But it is audio-visual technology—film and television—that has become the staple of the pornography industry, and no backwoods American village is complete without a late-night sex channel and a video store renting X-rated films. The big breakthrough, however, is virtual reality. In its infant stage a few years ago, virtual reality allowed the viewer to imagine he was having carnal intercourse with a woman who, in real life, would not let him buy her a drink, but we are a progressive people, and by 1993 it was possible to participate in a gang rape without leaving the safety and convenience of one’s own home.
Think about it. Your next-door neighbor’s teenage lout—the one who occasionally babysits for you—is staying up all night with his senses plugged into sex videos. To enhance the illusion, he may be smoking dope or snorting coke. Whatever is going on in his mind is, in this free Republic of ours, of no consequence since the right to see dirty movies was a primary concern of the Founding Fathers, who inserted the “freedom from censorship” clause into the Constitution. You can find it right after the part that says all men are created equal.
The constitutional right to perversity only stops at the point of coercion, and it is not too hard to imagine a day when women will have the right to be murdered for pay on SNUFF TV. “You don’t have to watch” is the inevitable answer, but to avoid perversity in the 1990’s would mean wearing earplugs and a blindfold most of the time.

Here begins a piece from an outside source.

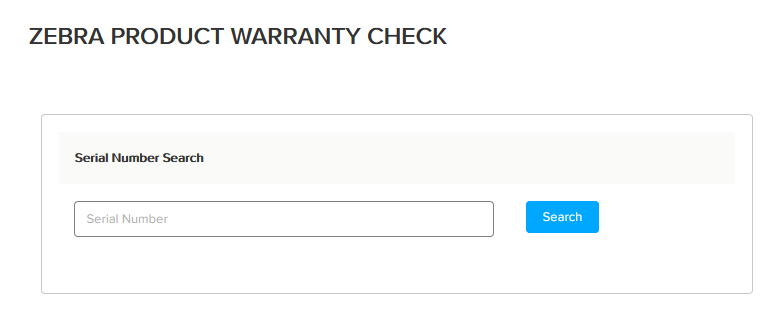 How do I check the warranty on my Zebra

Curiosity is one of man’s defining qualities, and it is particularly strong in children, who could not escape the mercenary eroticism of our culture even if they tried. It is all around them and us, in the 7-Eleven stores, in the video parlors, and on cable channels. We cannot watch the evening news or pick up the Chicago Tribune or the poor benighted Rockford Register Star without learning the details of Michael Jackson’s relations with little boys or of the broomstick jugglery performed by high-school wrestling teams. What would once have been called hard-core pornography can now be seen in R-rated movies, and it is not at all difficult to get your hands on the kinds of pornographic materials people once had to order from France.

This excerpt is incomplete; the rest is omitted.